CHAPTER VIII. – ALL KINDS OF WEATHER

The days went dreamily on. Edwin Green lengthened his stay in Kentucky until he really became touchy on the subject, and one day when some one spoke of the old Virginia gentleman who came in out of the rain and stayed six years, he told Mrs. Brown that he felt very like that old man. She was hospitality itself, and made him understand that he was more than welcome, and, every time he set a date for his departure, some form of entertainment was immediately on foot where his presence seemed both desirable and necessary, and his going away was postponed again. Once it was a coon hunt with Ernest and John and Lewis, the colored gardener; once it was a moonlight picnic at a wonderful spot called Black Rock.
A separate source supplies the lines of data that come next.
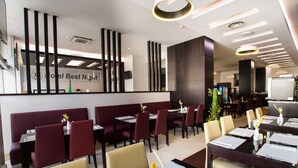 A modern restaurant with dark wooden tables and red booths, featuring a clean, minimalist design and a sign that reads "Hotel Best Night". - Best Night (Algiers)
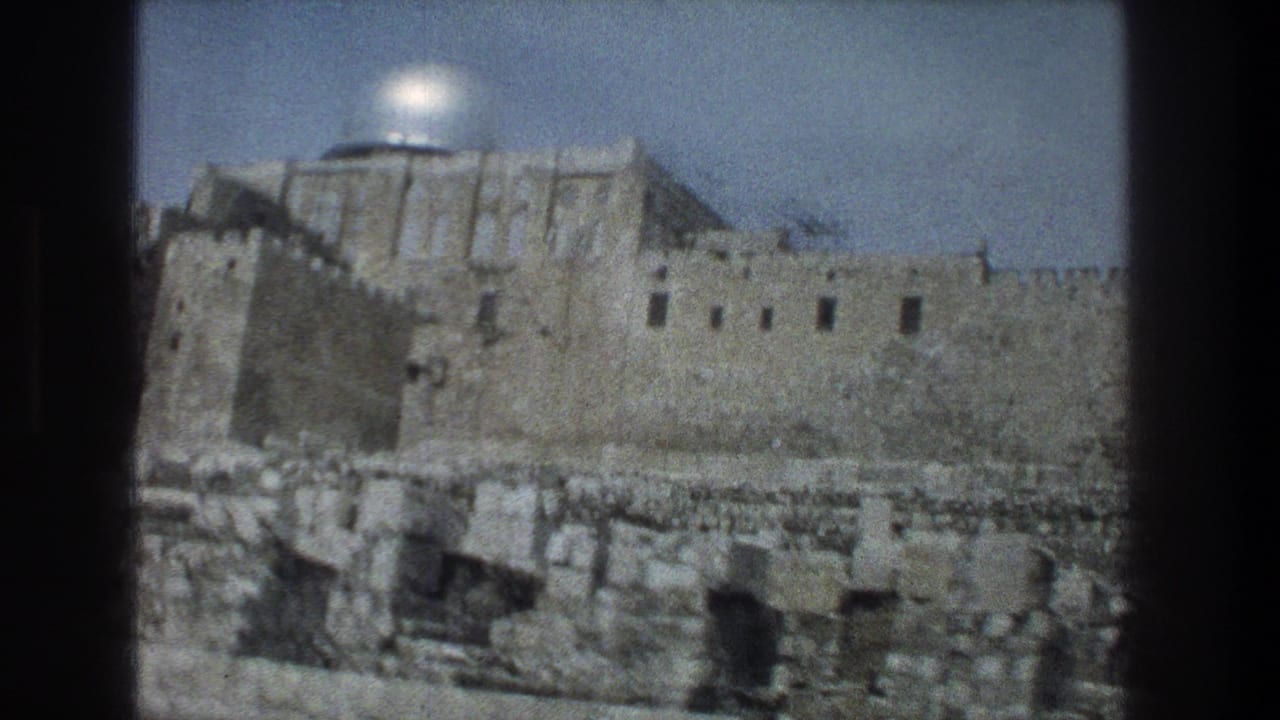 Silver dome rising above ancient stone walls and foreground ruins.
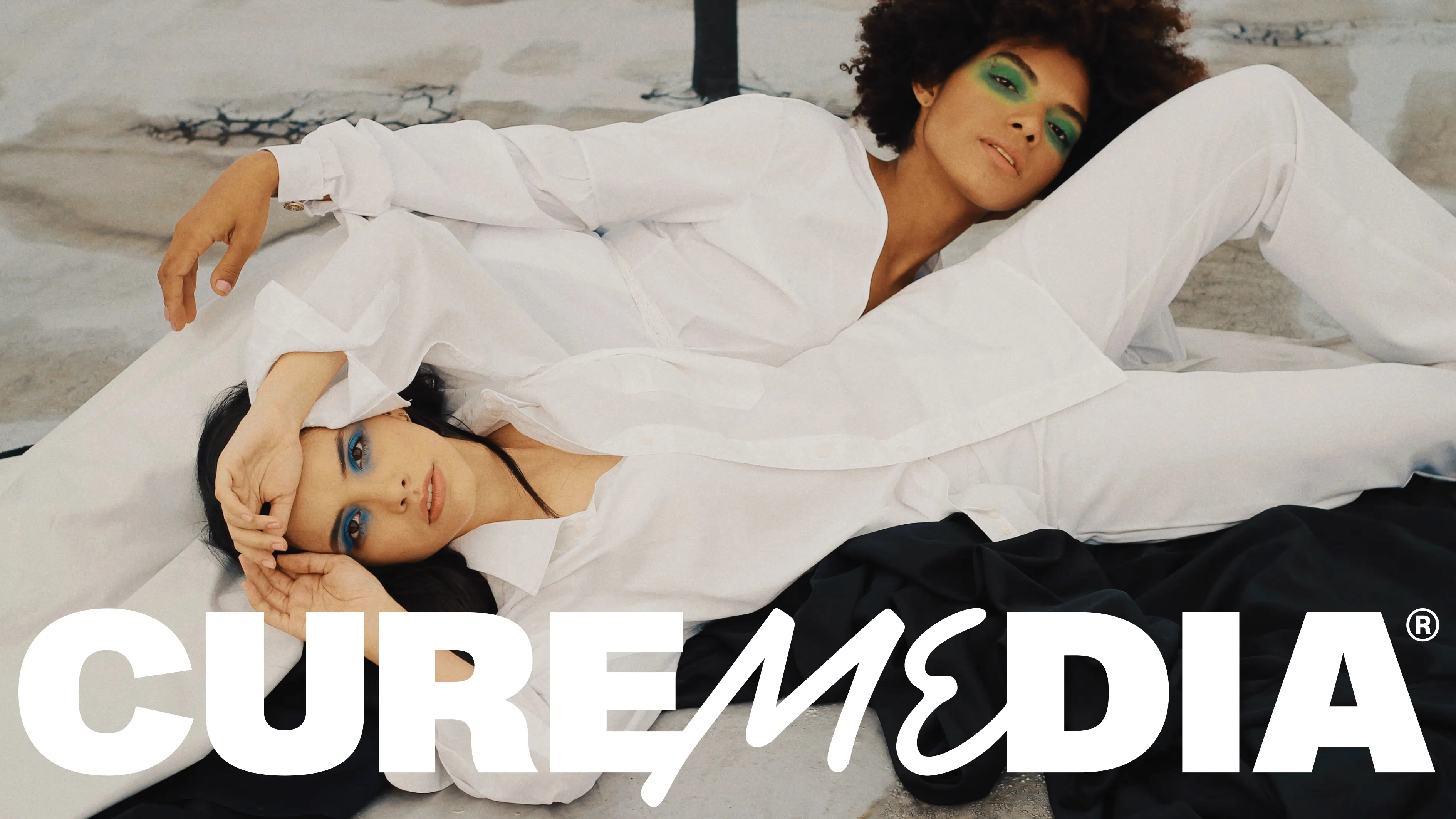 Strike the pose Two women dressed in white posing on a bed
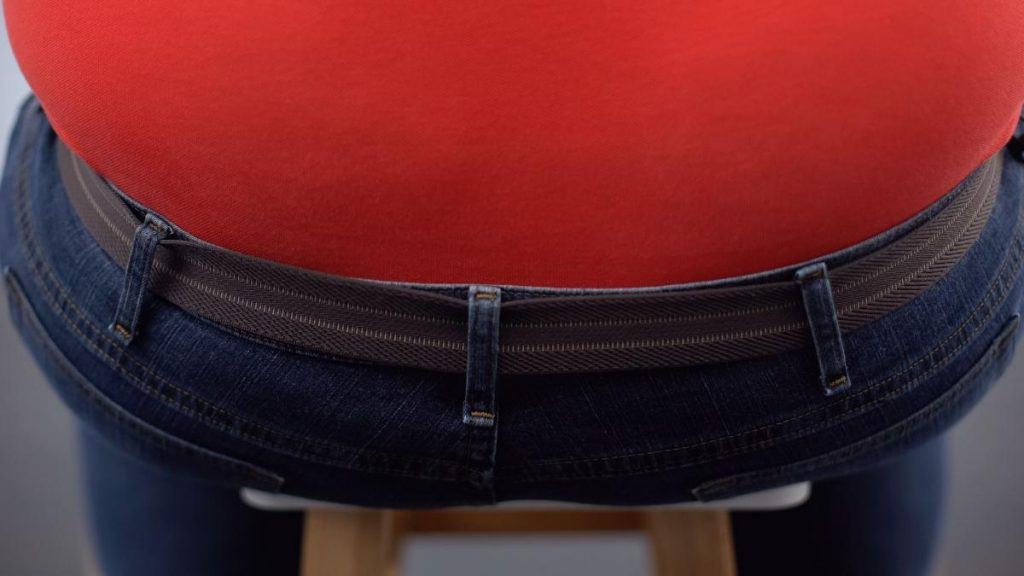 Close up of an overweight man's 63 in hips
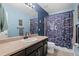 Blue bathroom with eye-catching shower curtain and vanity with framed mirror at 5161 Chicory Cir, Brighton, CO 80601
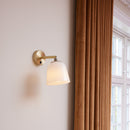 Halo Design Room 49 Wall Light n wall next to curtains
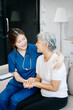© Nuttapong punna - Asian caregiver doctor examine older patient woman therapist nurse at nursing home taking care of senior elderly woman sit on sofa.Medical service concept.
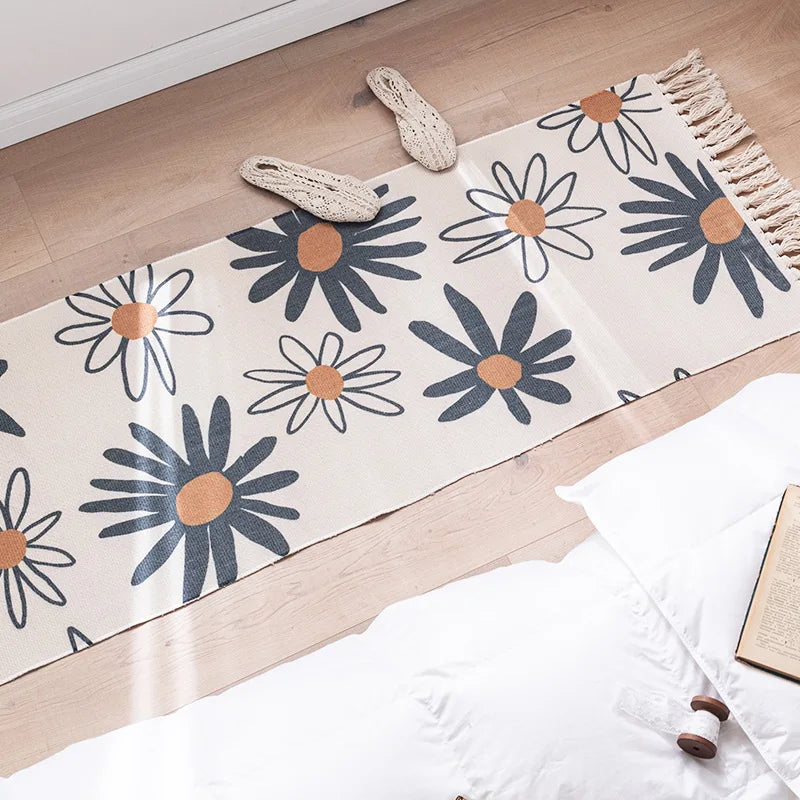 Un tapis de sol décoré avec de jolis motifs de fleurs bleues et orange, posé sur un sol en bois clair.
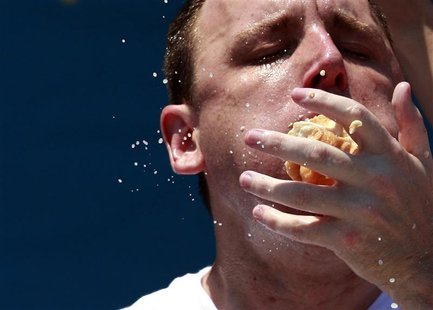 Joey Chestnut competes in the 2012 Nathan's Famous Fourth of July International Eating Contest at Coney Island in the Brooklyn borough of Ne Joey Chestnut competes in the 2012 Nathan's Famous Fourth of July International Eating Contest at Coney Island in the Brooklyn borough of Ne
On that occasion they drove in a hay wagon over a road that was a disgrace to Kentucky, and then up a dry creek bed until they came to the great black boulder that stood at least twenty feet in the air; there they made their temporary camp. Kent confided to Professor Green that they never dared to come up that creek bed unless they were sure of clear weather, as it had been known to fill so quickly with a big rain that it drowned a man and horse. It was innocent enough then, with only a thin stream of water trickling along the rocks, sometimes forming a pool where the horses would go in almost to their knees; but, as a rule, they went dry shod along the bed. It was rough riding, but no one minded. There was plenty of hay in the wagon for young bones, and Mrs. Brown, who was chaperoning, had a pillow to sit on and one to lean against. When they got to the sylvan spot every one agreed it was worth the bumping they had undergone.

“Oh, it looks like the Doone Valley,” said Judy.

And so it did, except that the stream of water was not quite so big as the one John Ridd had to climb up.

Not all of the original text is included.